**Raw data:**
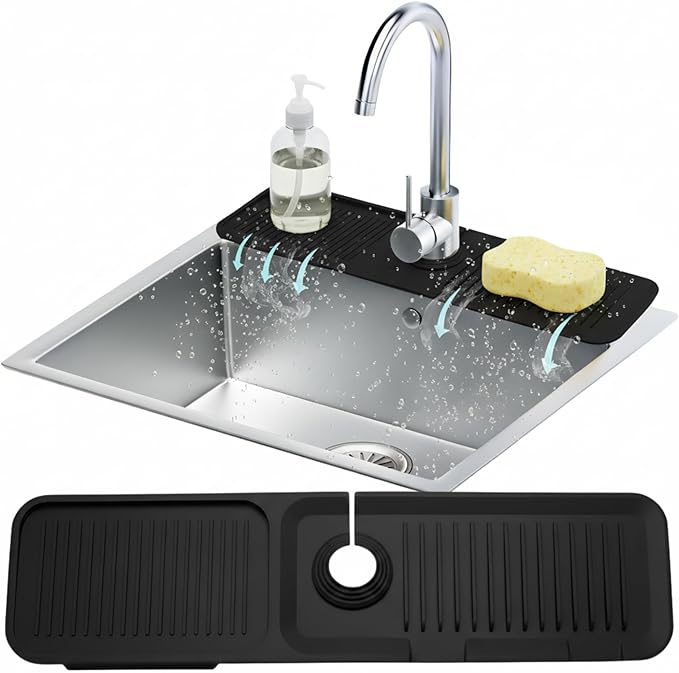 24” Silicone Faucet Mat For Kitchen Sink, Kitchen Sink Splash Guard Behind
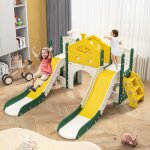 Toboggan pour enfants, jouet d'escalade toboggan 7 en 1 avec espace de rangement et 2 toboggans, t�lescope, ...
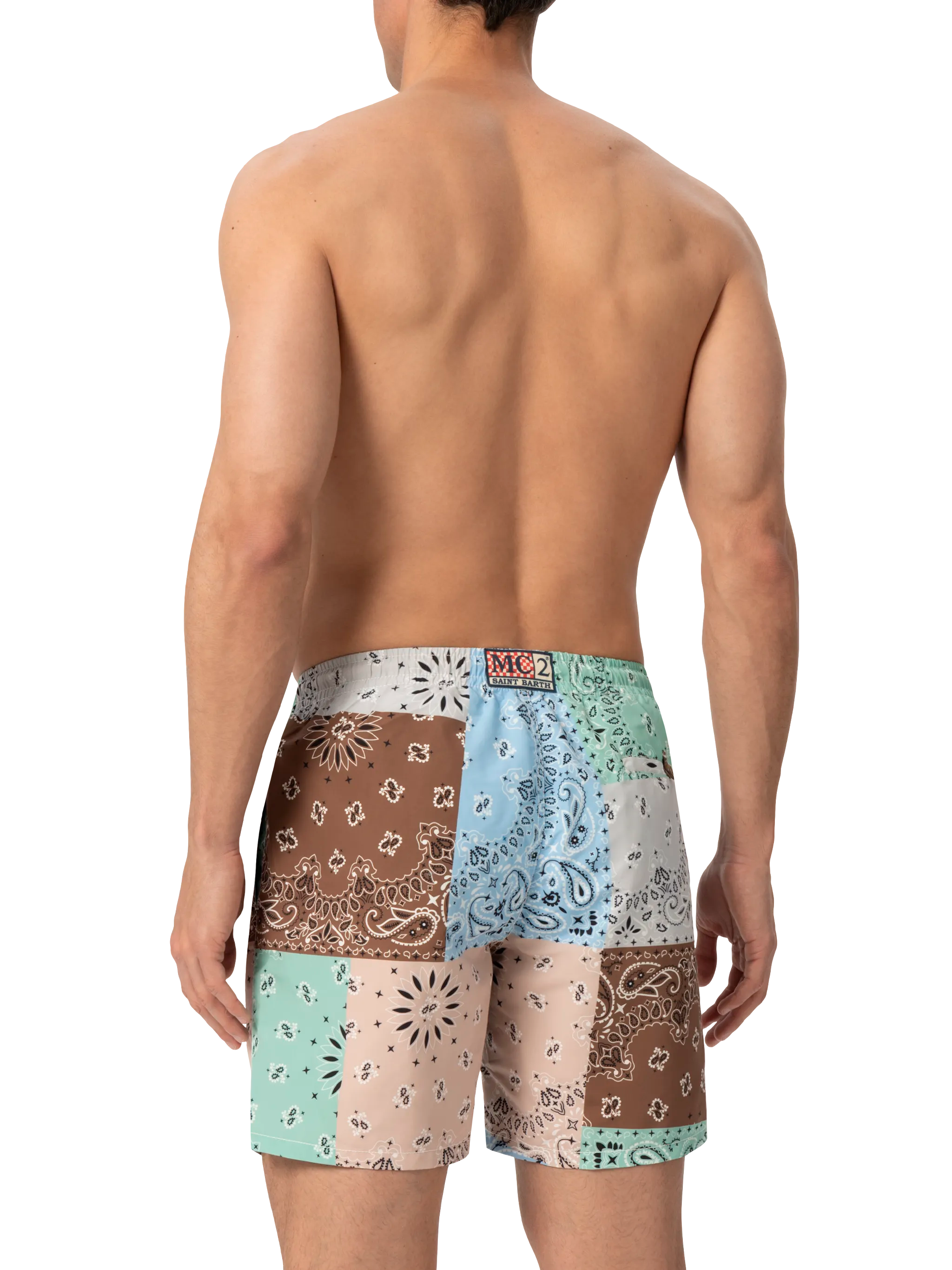 Mid-length swim-shorts Caprese with bandanna patch print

**Work required:** Reproduce the material above in full and without alteration, but skip all pictures.

**Task response:**
 24” Silicone Faucet Mat For Kitchen Sink, Kitchen Sink Splash Guard Behind
 Toboggan pour enfants, jouet d'escalade toboggan 7 en 1 avec espace de rangement et 2 toboggans, t�lescope, ...
 Mid-length swim-shorts Caprese with bandanna patch print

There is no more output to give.